Walker Modic is a Sustainability Specialist at Bell's Brewery. His career path was not a direct one; instead he made a few twists along his journey before coming to Kalamazoo.

Finishing an undergraduate degree at Denison University, Modic went to work at the U.S. Environmental Protection Agency's National Health and Environmental Effects Research Laboratory only to realize the lab bench was not for him.

After finishing his degree he decided to make his home brewing hobby a career. A few years into working at a small brewpub, Modic realized that he was not passionate enough about brewing to have a successful career.

When he heard of some craft breweries hiring sustainability professionals, Modic said it, "sounded like the coolest job in the world."

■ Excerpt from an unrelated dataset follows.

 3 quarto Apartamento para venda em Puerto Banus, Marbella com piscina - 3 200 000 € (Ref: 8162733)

About a year after Modic finished a master's degree in sustainability and environmental management, Bell's had such an opening.

"Now here I am," Modic said.

"My business card says Sustainability Specialist. That means I'm responsible for employee education, waste mitigation, increasing the efficiencies of natural resource utilization, and environmental compliance, assessment, and advocacy.

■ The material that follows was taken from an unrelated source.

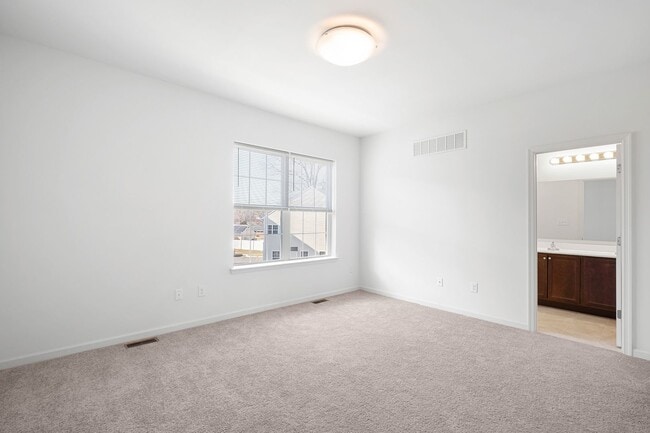 Building Photo - 415 Lenape Way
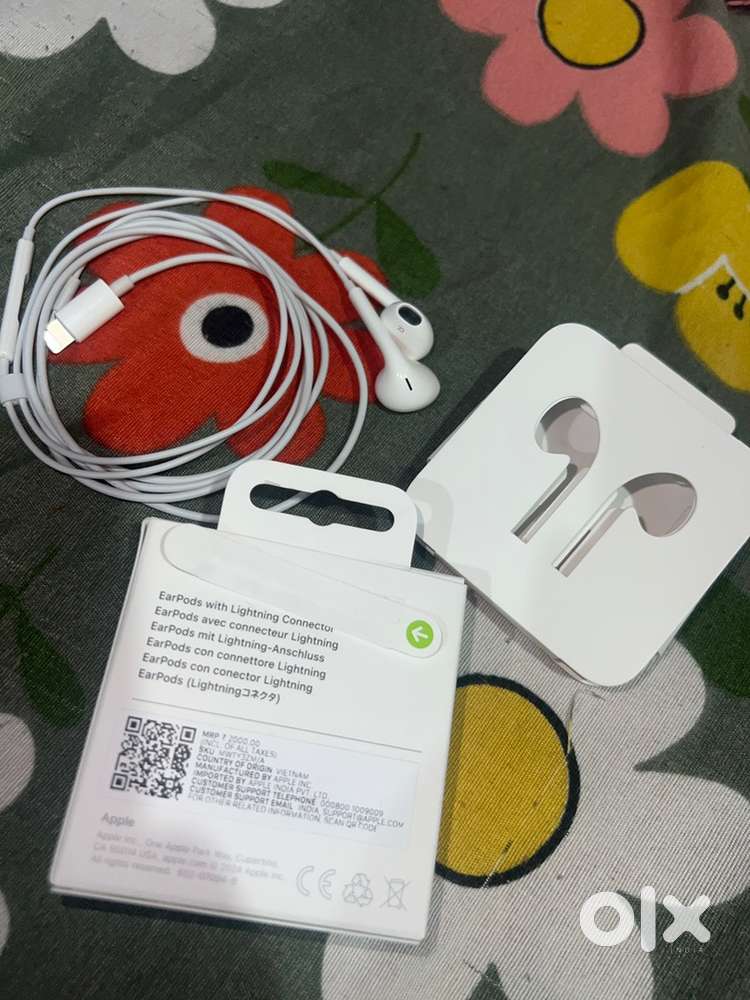 Apple Wired Earphones with Lightening Connectors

"In short, I'm somewhere between a project manager focused on continuous improvement and a garbage man. Really just depends on the day," he said.

The job at Bell's brought Modic to Kalamazoo from Boston. Once here his criteria for where to settle in the community was very specific. Placing value on being able to walk or ride bikes to basic services and recreation was important.

Modic now lives off of Oakland near the Hillcrest/Winchell neighborhood.

"If we run out of coffee or forget an item on the shopping list, I'd so much rather grab my dog's leash then reach for my car keys as I head back out the door," he said.

"Not only do I find that a more pleasant way to pass my time, you come to know your neighborhood and your neighbors in a very different way when you go places on foot. It builds a sense of community in the place you live."

Modic explained that he enjoys, "the diversity of activities available in Kalamazoo."

"I can see Michael Pollan speak, catch Wait Wait...Don't Tell Me, and see live music any number of places, but I can still be lost in the woods with my dog or on the water in heartbeat," he said.

"That's a hard balance to find because in big cities the great outdoors tend to be hours away and when you live in areas with easy access to the great outdoors you typically don't have access to the amenities a city offers."

Enjoying his nice steep learning curve at work, Modic explained that being a sustainable business has no end point. As a result, new challenges with an unfamiliar solution are likely.

"That keeps the work challenging and interesting. I hope I never reach the point where I've got all the answers," Modic said. "I'd be bored."

That mentality can be tied back to the way Modic views Kalamazoo's potential, too.

"The presence of Western Michigan University, Kalamazoo College, and Kalamazoo Valley Community College provides the kind of events - sports, music, lectures - and people - innovative, opinionated, ambitious, progressive - that make Kalamazoo an engaging dynamic place to live," Modic said.

"I also think that Kalamazoo is seeing something of an urban recolonization. I hope that continues and the city continues to invest in making Kalamazoo a more walkable and bike-friendly place. Not only because that is the type of city I enjoy, but ask anyone in HR, those are attributes college grads value."

Modic enjoys running, hiking, a good beer, and both American and European football.

If you happen to run into him make sure to ask him about his passion for sustainability.